◆ Information shown:

—————

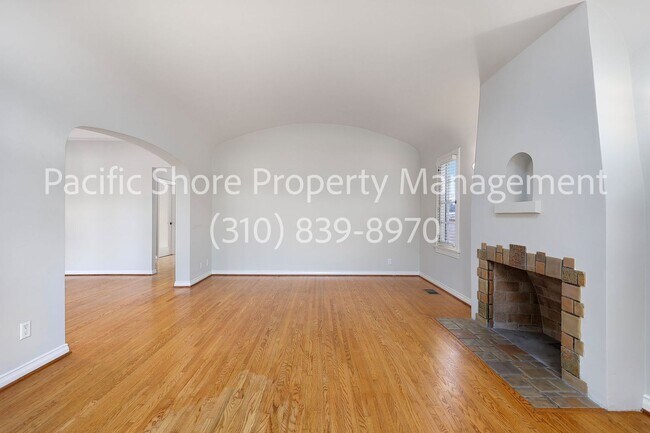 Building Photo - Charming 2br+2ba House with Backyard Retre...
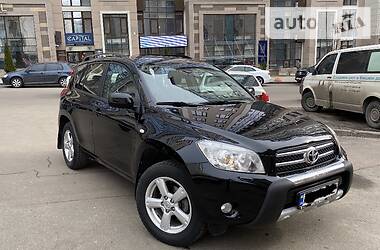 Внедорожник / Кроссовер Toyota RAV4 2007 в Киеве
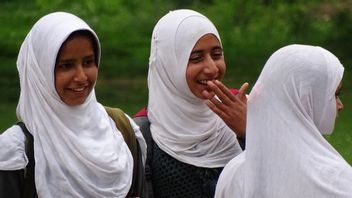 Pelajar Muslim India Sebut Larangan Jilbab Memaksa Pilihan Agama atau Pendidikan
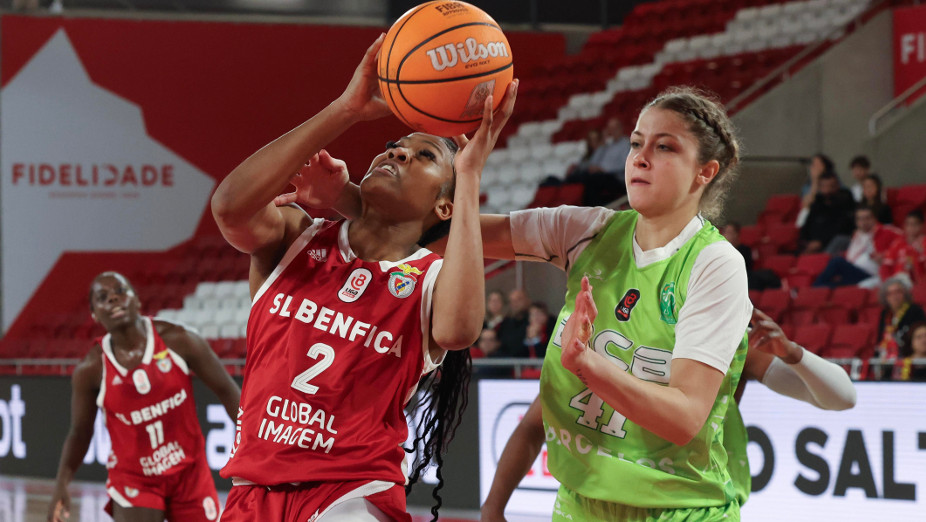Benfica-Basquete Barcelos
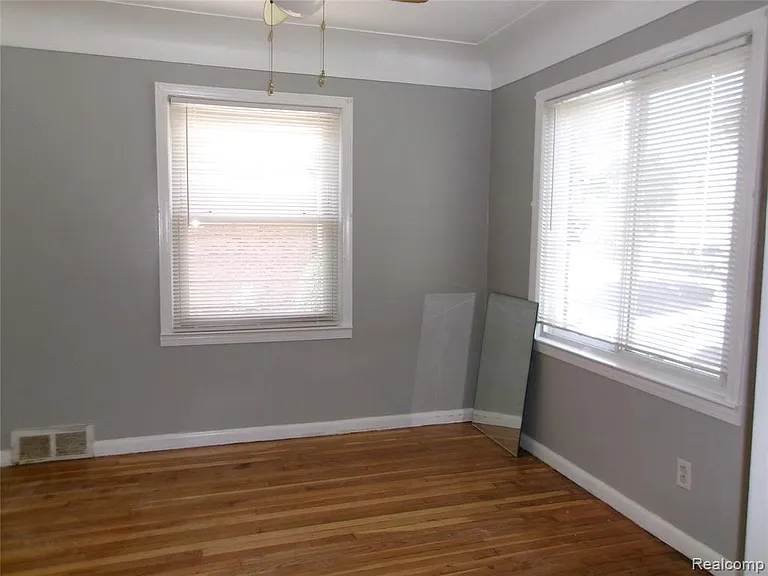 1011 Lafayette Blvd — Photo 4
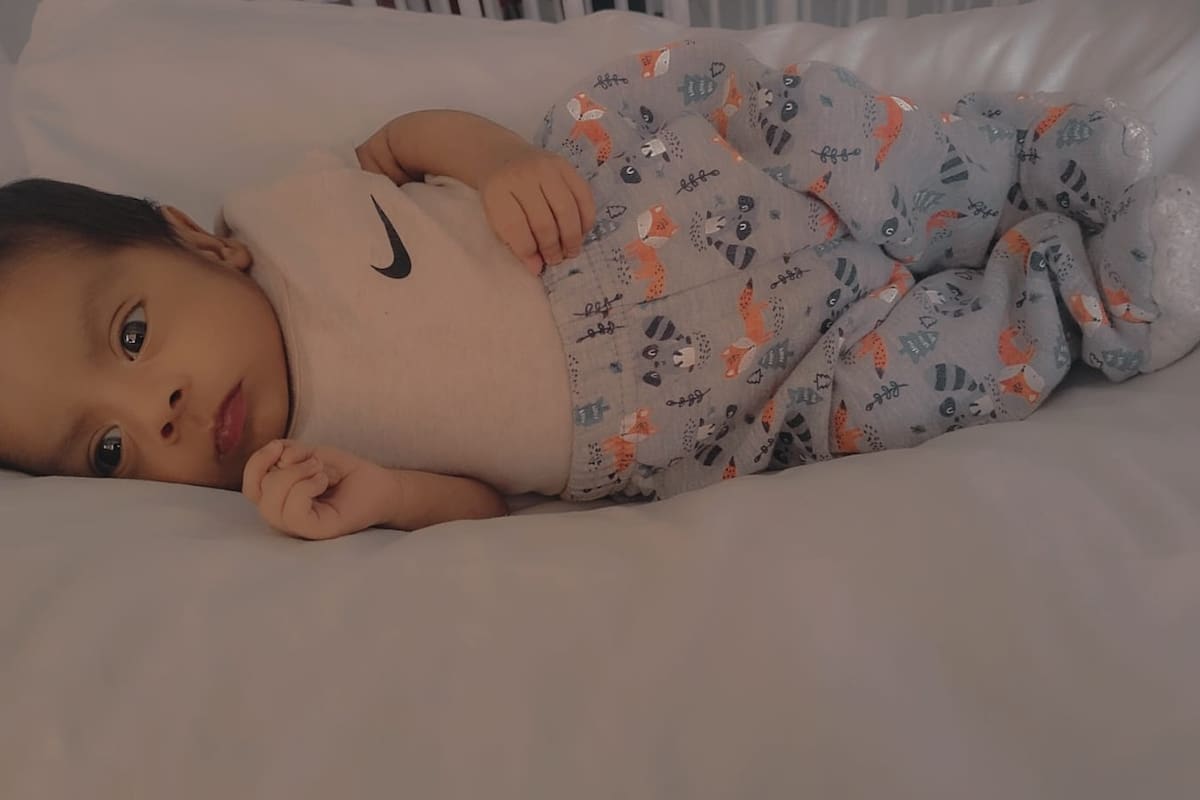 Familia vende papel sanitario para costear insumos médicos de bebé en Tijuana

—————

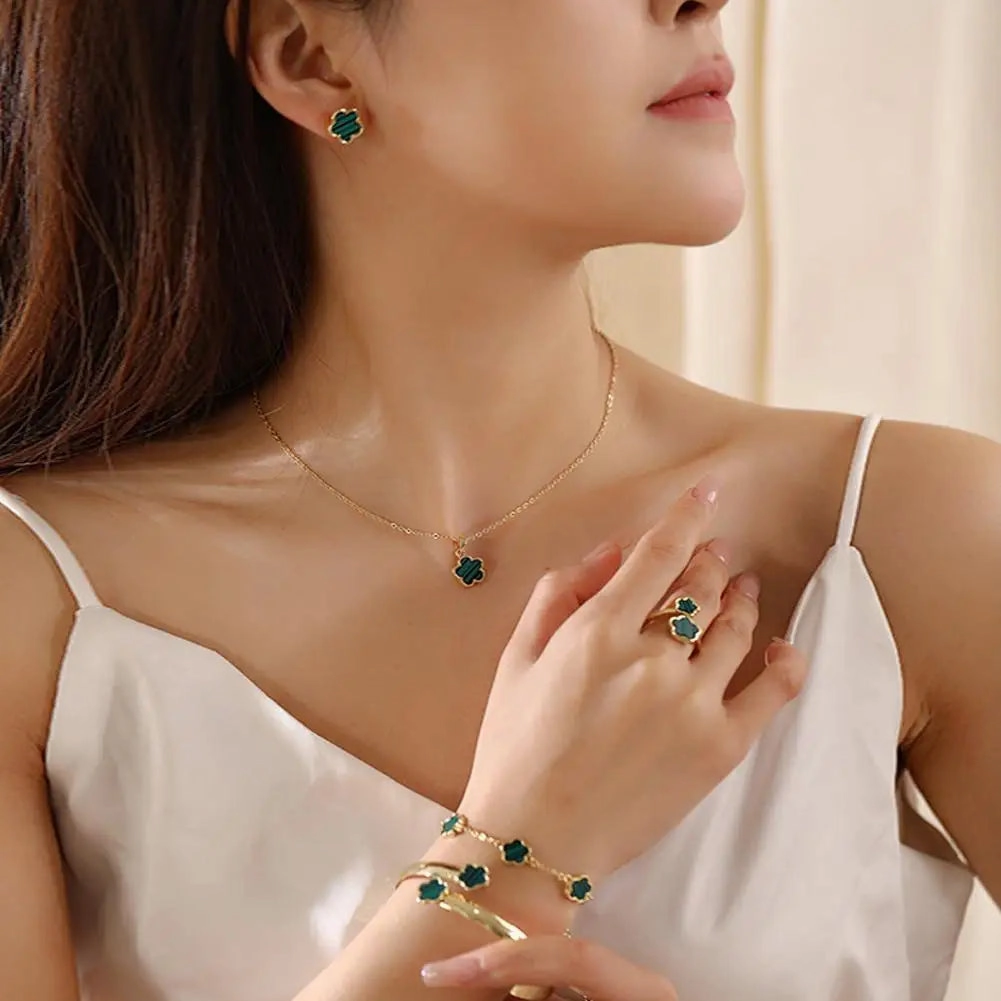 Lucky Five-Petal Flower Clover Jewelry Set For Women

—————

◆ What you will do:
Take the material above and output only the lines from the one that contains "Building Photo - Charming" through the one that contains "Familia vende papel", ends included and images left out.

◆ Task output:
 Building Photo - Charming 2br+2ba House with Backyard Retre...
 Внедорожник / Кроссовер Toyota RAV4 2007 в Киеве
 Pelajar Muslim India Sebut Larangan Jilbab Memaksa Pilihan Agama atau Pendidikan
Benfica-Basquete Barcelos
 1011 Lafayette Blvd — Photo 4
 Familia vende papel sanitario para costear insumos médicos de bebé en Tijuana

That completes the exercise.